“Vindicated”: that is the new buzzword in American politics. It is being parroted by Democrats, from West Wing spin doctors to recently re-elected dog-catchers. In its origin, it is a commonplace example of political-speak, damage-limitation vocabulary; but it has implications far beyond the current election and, in the long term, has the potential to become, for the Democrats, a lethal example of the law of unintended consequences.
In the short term, “vindicated” is simply intended to promote the Democrats’ “narrative”, in the argot of political PR, that losing control of the House of Representatives and possibly the Senate is a famous victory. There is nothing surprising about this: it is politics, and politics is about deception. Joe Biden did not get where he is today – nor did any of the 100 Senators and 435 Congressmen – by telling the truth. “Vindicated” is just part of the routine smoke-and-mirrors exercises by which practitioners of the dark art attempt to persuade the public that black is white.

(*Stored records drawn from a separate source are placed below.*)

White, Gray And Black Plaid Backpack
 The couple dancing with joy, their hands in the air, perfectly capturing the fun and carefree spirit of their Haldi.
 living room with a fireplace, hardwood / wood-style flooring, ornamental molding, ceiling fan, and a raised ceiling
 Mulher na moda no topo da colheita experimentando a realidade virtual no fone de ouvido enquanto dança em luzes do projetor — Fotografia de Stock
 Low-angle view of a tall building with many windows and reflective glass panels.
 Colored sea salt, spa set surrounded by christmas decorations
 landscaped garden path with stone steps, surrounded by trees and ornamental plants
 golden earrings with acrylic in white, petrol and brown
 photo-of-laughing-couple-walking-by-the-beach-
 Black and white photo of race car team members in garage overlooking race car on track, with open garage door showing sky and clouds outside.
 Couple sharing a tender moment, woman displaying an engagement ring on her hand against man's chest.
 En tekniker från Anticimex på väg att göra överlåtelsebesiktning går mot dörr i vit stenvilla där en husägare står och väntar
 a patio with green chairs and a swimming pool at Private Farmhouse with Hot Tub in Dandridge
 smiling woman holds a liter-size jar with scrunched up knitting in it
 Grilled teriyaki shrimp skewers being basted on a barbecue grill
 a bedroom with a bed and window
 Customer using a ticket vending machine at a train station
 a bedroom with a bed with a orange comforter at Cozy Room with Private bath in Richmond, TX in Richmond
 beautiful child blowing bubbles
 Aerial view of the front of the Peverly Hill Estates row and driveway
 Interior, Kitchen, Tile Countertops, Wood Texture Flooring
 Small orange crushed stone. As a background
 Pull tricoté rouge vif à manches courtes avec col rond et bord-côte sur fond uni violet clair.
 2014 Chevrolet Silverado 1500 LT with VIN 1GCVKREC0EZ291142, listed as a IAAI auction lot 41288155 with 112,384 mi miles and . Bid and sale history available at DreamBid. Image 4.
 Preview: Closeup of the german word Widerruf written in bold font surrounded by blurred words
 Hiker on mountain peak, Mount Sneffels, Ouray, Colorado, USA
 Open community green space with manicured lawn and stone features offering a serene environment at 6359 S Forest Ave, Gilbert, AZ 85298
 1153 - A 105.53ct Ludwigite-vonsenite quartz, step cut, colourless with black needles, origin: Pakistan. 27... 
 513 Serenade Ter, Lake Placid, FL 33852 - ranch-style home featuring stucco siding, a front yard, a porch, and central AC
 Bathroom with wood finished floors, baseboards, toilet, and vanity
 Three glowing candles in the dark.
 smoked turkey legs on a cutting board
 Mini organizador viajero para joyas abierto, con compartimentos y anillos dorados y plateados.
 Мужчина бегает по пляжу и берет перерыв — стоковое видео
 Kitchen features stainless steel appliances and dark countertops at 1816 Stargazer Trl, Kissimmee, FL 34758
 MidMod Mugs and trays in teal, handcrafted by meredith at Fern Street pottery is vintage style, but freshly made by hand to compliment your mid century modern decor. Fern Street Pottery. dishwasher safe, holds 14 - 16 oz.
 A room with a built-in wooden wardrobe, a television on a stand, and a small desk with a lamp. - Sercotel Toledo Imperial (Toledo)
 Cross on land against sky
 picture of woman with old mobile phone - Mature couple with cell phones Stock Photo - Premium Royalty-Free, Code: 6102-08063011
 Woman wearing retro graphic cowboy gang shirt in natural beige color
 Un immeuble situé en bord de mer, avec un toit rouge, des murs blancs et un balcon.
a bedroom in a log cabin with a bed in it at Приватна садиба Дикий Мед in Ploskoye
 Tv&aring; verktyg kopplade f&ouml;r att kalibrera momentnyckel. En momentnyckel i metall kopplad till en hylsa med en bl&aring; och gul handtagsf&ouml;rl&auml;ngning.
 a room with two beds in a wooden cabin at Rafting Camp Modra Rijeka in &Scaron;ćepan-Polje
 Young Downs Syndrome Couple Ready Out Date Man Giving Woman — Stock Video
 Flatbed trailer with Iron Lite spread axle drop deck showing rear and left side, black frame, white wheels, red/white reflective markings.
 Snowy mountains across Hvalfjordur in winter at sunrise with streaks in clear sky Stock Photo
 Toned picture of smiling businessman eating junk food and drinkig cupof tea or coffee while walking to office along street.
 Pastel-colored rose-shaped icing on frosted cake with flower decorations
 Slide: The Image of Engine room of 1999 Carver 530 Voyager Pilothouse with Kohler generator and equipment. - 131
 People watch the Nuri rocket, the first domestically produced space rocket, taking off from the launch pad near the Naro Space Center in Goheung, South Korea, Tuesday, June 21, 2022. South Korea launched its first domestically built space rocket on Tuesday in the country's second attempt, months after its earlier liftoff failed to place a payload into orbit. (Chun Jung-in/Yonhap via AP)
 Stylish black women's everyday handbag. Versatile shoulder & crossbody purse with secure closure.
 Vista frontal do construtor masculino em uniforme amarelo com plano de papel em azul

The Republicans tried to convince the electorate that a “red wave” was on the way, despite the fact that opinion polls did not strongly suggest that – though they did not entirely negate the possibility – in order to create momentum for their cause. Patently, it did not work. That has left them embarrassed by the straitened character of their victory, far below the norm in midterm elections, with the US economy in trouble after two years of one of the worst administrations in American history.
The reality is that this election was a disaster for both parties and in strikingly similar ways. Reality, however, is not to be found in the mainstream media. Brits have an advantage in watching the shameless bias of the major American television stations, since we have been exposed to the BBC. One excited CNN commentator did “a James Naughtie”, when canvassing a possible opportunity for the Democrats: “if we (sic) take those votes…”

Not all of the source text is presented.